先月25日、ヴィッセル神戸は名古屋グランパスを2-1で破り、J1リーグ戦初優勝を達成した。Jリーグはすべての日程を終えた中で、最終決戦に挑む“神戸の男”がいる。

来季神戸へ加入する筑波大MF山内翔(4年、神戸U-18)は、今月10日午前11時(東京・AGFフィールド)に大学最後の全国大会である全日本大学選手権(インカレ)の初戦を迎える。

今季はアジア大会(9月19日~10月7日、中国・杭州)に臨むU-22日本代表に選出され、関東大学1部MVPに輝いた大学屈指の司令塔と称される山内に筑波大蹴球部での成長、大学2年での神戸内定、大学サッカーでの決意などを聞いた。

他とは違う異質な新入生

トップチーム昇格を果たせなかった山内は、神戸アカデミー卒団後に大学サッカー屈指の名門である筑波大学へ進学した。

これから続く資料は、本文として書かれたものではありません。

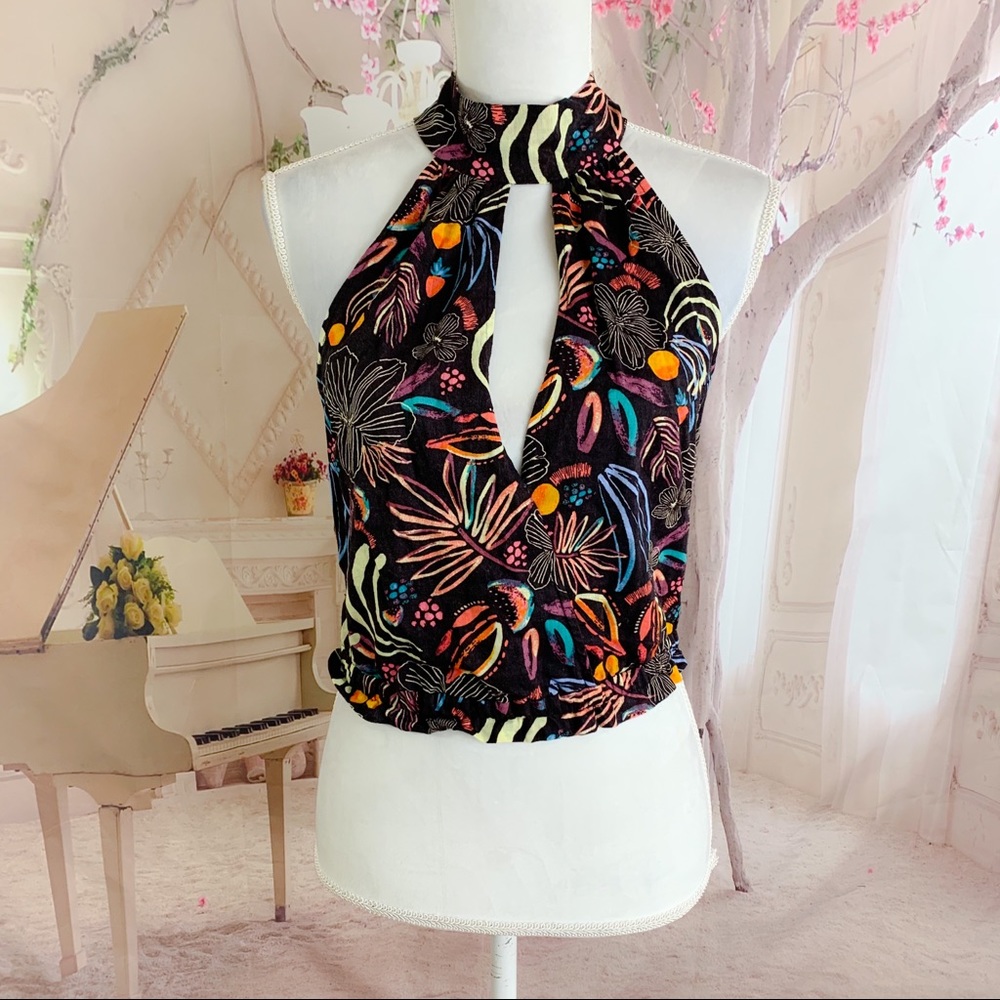 Free People Muti Color Floral Crop cutout Blouse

新入生として蹴球部に入部したルーキーを小井土正亮監督は「入部当初からボールを扱うところや、ゲームをコントロールする力は高い印象がありました。高校3年にしてはというと良くないですけど、非常に落ち着きがあるし、自分のペースにゲームを持ち込めるような力もある。他の選手とはまったく異質な感じを受けました」と振り返るほどの実力を持っていた。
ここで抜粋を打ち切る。